• kırşehir yöresinden bir neşet ertaş türküsü. adı sadece sürmeli olarak da bilinir.

    kale kaleye bakar, ben bilmem ayrılık
    bakışların can yakar da gözleri sürmelim
    bakışların can yakar da elleri kınalım
    sen orada durukan, ben bilmem ayrılık
    başka yere kim bakar da gözleri sürmelim
    başka yere kim bakar da elleri kınalım

    hey sürmeli sürmeli, ben bilmem ayrılık
    severken sevdirmeli de elleri kınalım
    severken sevdirmeli de gözleri sürmelim

    kaleden indin imiş, ben bilmem ayrılık
    mendilin dolu yemiş de gözleri sürmelim
    mendilin dolu yemiş de elleri kınalım
    yare saldım yememiş, ben bilmem ayrılık
    gendisi gelsin demiş de gözleri sürmelim
    gendisi gelsin demiş de elleri kınalım

    hey sürmeli sürmeli, ben bilmem ayrılık
    severken sevdirmeli de gözleri sürmelim
    severken sevdirmeli de elleri kınalım
  • yine alıp götürmüştür. pek bilinmeyen neşet ertaş eseridir. yine gecede kaybolduk sayende üstad.
  • neşet ertaş'ın 2003 tarihli gurban olduğum albümünde hey sürmeli olarak geçen bu türkü anonim olarak geçse de, neşet baba'nın bayram bilge tokel'le yaptığı sohbetteki* çıkarımına göre saadettin kaynak'ındır.

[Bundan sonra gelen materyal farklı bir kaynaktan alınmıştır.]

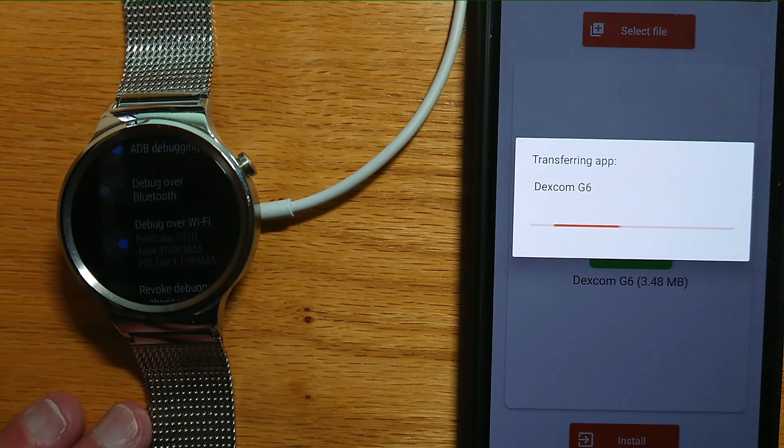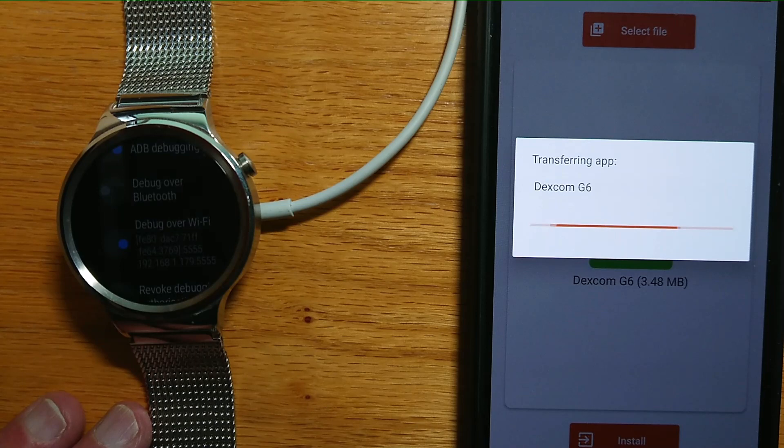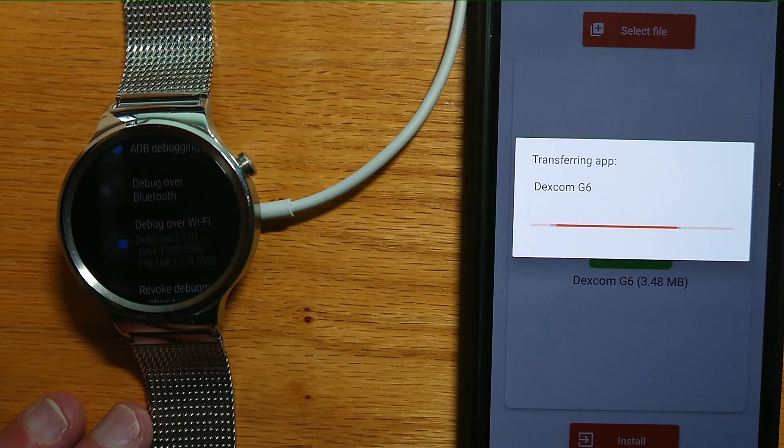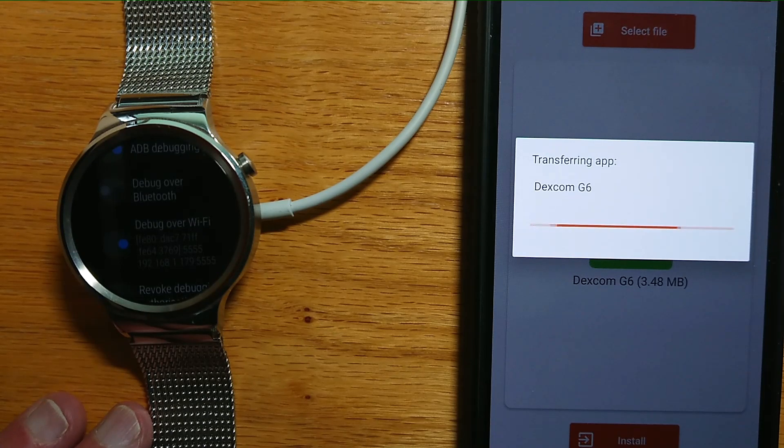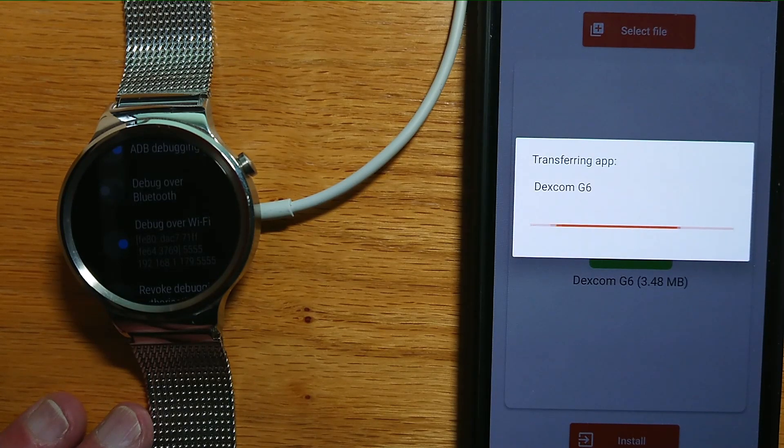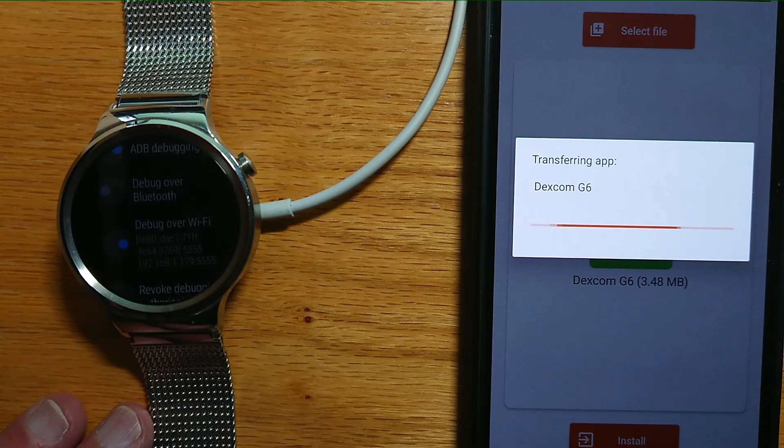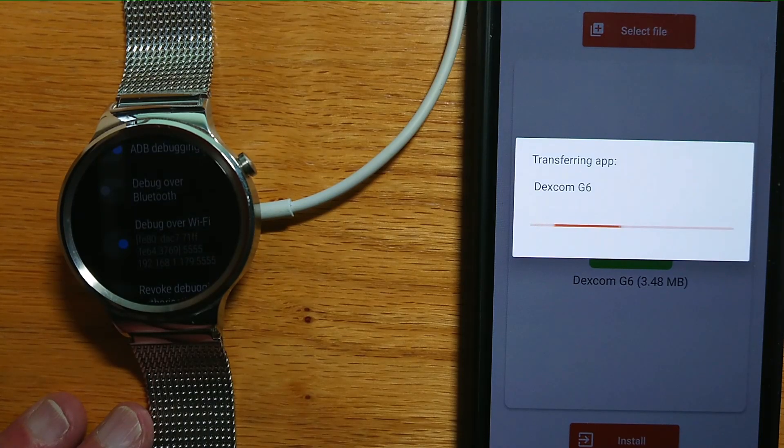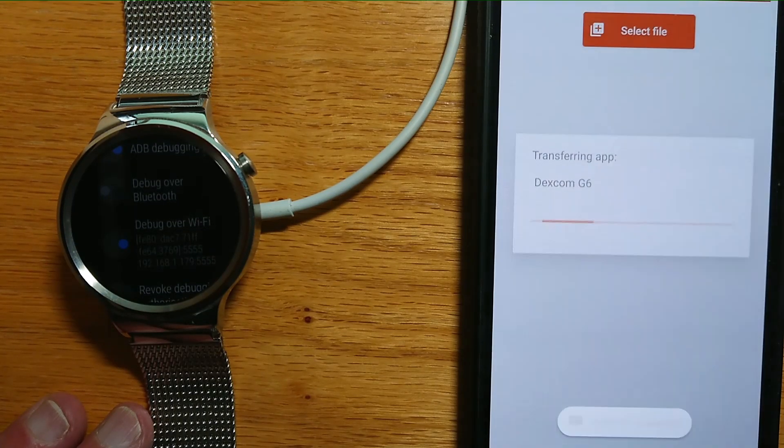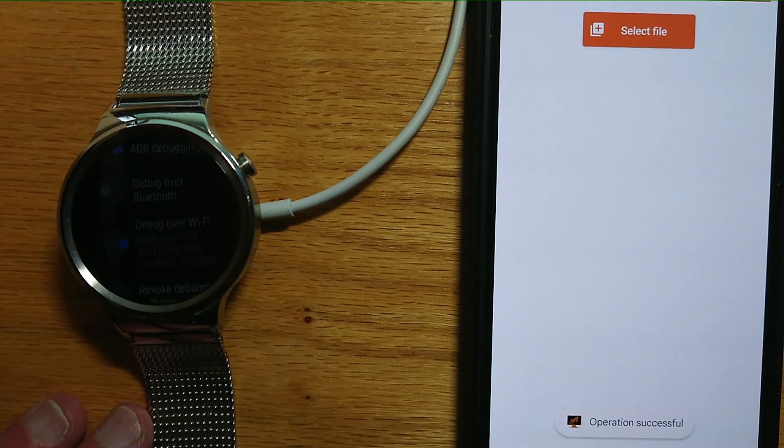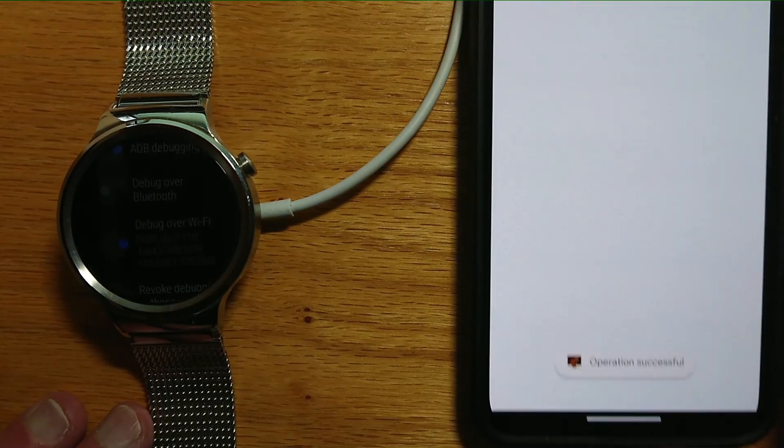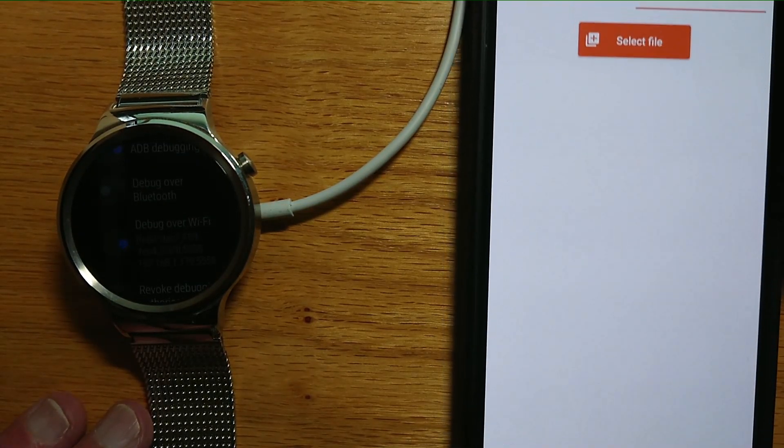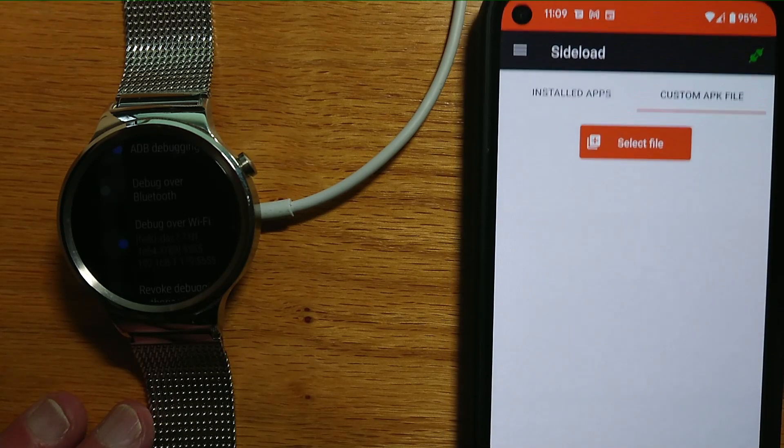It's connected over Wi-Fi on the local area network, and it's taking the Wear APK that we put in the downloads folder and sending it over Wi-Fi from the phone to the watch. I just got a message there to say operation successful.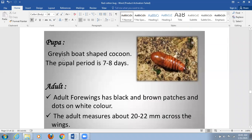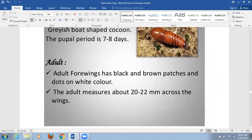The pupa is grayish and boat-shaped — the cocoon shape resembles a boat. The pupal period is about seven to eight days. The adult forewings have black and brown patches with dots on white coloring. Adults measure about 20 to 22 millimeters across the wings.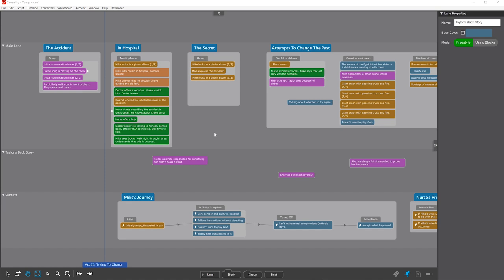In this tutorial, we'll talk about some more tools to help you organize your story. You already know lanes a little bit. Lanes are meant for major storylines.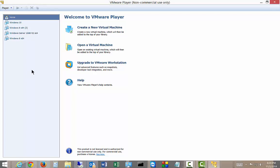We are in VMware Player and I'm going to show you how to install Windows Server 10 Technical Preview. So we're going to create a new virtual machine.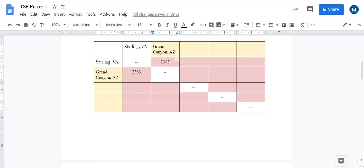Or from the Grand Canyon to Sterling is two thousand three hundred and eighty-three miles. Now the reason that I have put these dashes in on the diagonal is because you're never going to travel from Sterling to Sterling or from the Grand Canyon to the Grand Canyon.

    "...bayram gardaş eğer bu söylediğin 'türküler'** kaynak'ın ise bu da* onundur. hatta öteki türkü de" dedi. doğru, bir türkü daha vardı. "ötekisi hangisi abi?" dedim. "sürmeli" dedi. benim "hangi sürmeli bu, yozgat sürmelisi mi?" dememe fırsat bırakmadan "yozgat sürmelisi değil, o ayrı, onu da okuyacağım bu son albümüme,* sana ithaf edeceğim o havayı. bu dediğim, hani var ya 'oy sürmeli sürmeli nakaratlı...' ve sitemli bir tonla devam etti: "gerçi bizim 'sanat müzikçiler' oyun havası gibi çalıp okuyorlar ama ben babamdan duyduğum gibi çalıp okumak istiyorum bu türküyü de. derin bir ah çekerek başladı okumaya.

    kale kaleye bakar, ben bilmem ayrılık
    bakışların can yakar, elleri kınalı
    sen orada dururken, ben bilmem ayrılık
    başka yere kim bakar, gözleri sürmeli.

    böyle ritmik ve hareketli bir ezgiyle insanı hüznün en koyu girdabına savurmayı ancak neşet ertaş'ın sazı ve sesi yapabilirdi. öyle de oldu. savrulduğumuz yerden zor da olsa güç bela dönerek yine bestecisi meçhul bu anonim 'şarkı'yı da 'türkü'leştirerek repertuvara almaya karar verdik."

    *bayram bilge tokel, "'şarkı'dan 'türkü'ye, saadettin kaynak'tan neşet ertaş'a", muhit dergisi, sayı: 26 şubat 2022, s.74.